A good spatial dataset is not just a set of images with coordinates attached. It is a record of how a world exists and changes over time.
Most progress in AI has followed data. Text data led to language models. Image data led to visual recognition. Video data added motion. Spatial intelligence is different. It is about understanding where things are, how they relate to each other, and how they persist even when we do not see them. Many current datasets do not teach this. They focus on appearance, not structure.
The first question a spatial dataset must answer is what the model is learning about. In language, the unit is a word or token. In vision, it is a pixel or a patch. In spatial intelligence, the unit is the state of the world. A good dataset should show the same world across time and from different viewpoints. Objects should be treated as things that continue to exist, not as detections that appear and disappear with each frame.

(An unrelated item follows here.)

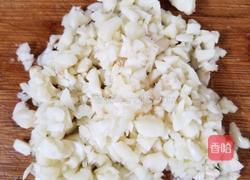 蒜蓉粉丝蒸鲍鱼的做法图解3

This is why static images are not enough. A single image can teach recognition, but not understanding. Even short video clips often fall short. Spatial understanding comes from interaction. When the camera moves, the view changes. When an object is pushed, its position changes. Actions have consequences. A good spatial dataset must include this link between perception and action.
Consistency matters more than size. Very large datasets with inconsistent geometry or weak physical structure teach models to ignore space. Smaller datasets with clean, coherent worlds can teach much more. In this sense, synthetic data is not a shortcut. It is often the right tool. Simulation lets us control geometry, motion, and cause and effect. What matters is not whether data is real or synthetic, but whether the world it represents makes sense.
Time horizon is another key factor. Many datasets reset the scene every few seconds. Real spatial reasoning does not work this way. It depends on memory. An agent must remember where something was seen before and reason about where it might be now. A good spatial dataset should support long sequences and stable world identity, so that models are encouraged to build internal maps.
Partial observation is also essential. In the real world, we never see everything at once. Objects are hidden, views are limited, and sensors are noisy. A spatial dataset should include these limits by design. Learning to reason under uncertainty is part of spatial intelligence, not an edge case.
Annotations should focus on structure rather than labels. Knowing that something is a chair is less important than knowing that it supports weight, blocks movement, or connects two spaces. Relationships and constraints matter more than names. The goal is to understand how the world works, not just what things are called.
Evaluation should reflect these goals. Accuracy on single frames is not enough. We should ask whether a model can predict future states, plan over multiple steps, and remain consistent over time. If we do not measure memory, causality, and long term reasoning, our datasets will not encourage them.
Spatial intelligence will not emerge by accident. It will come from data that is designed to teach persistence, interaction, and structure. When datasets reflect how the world actually behaves, models will begin to understand space not as images, but as reality.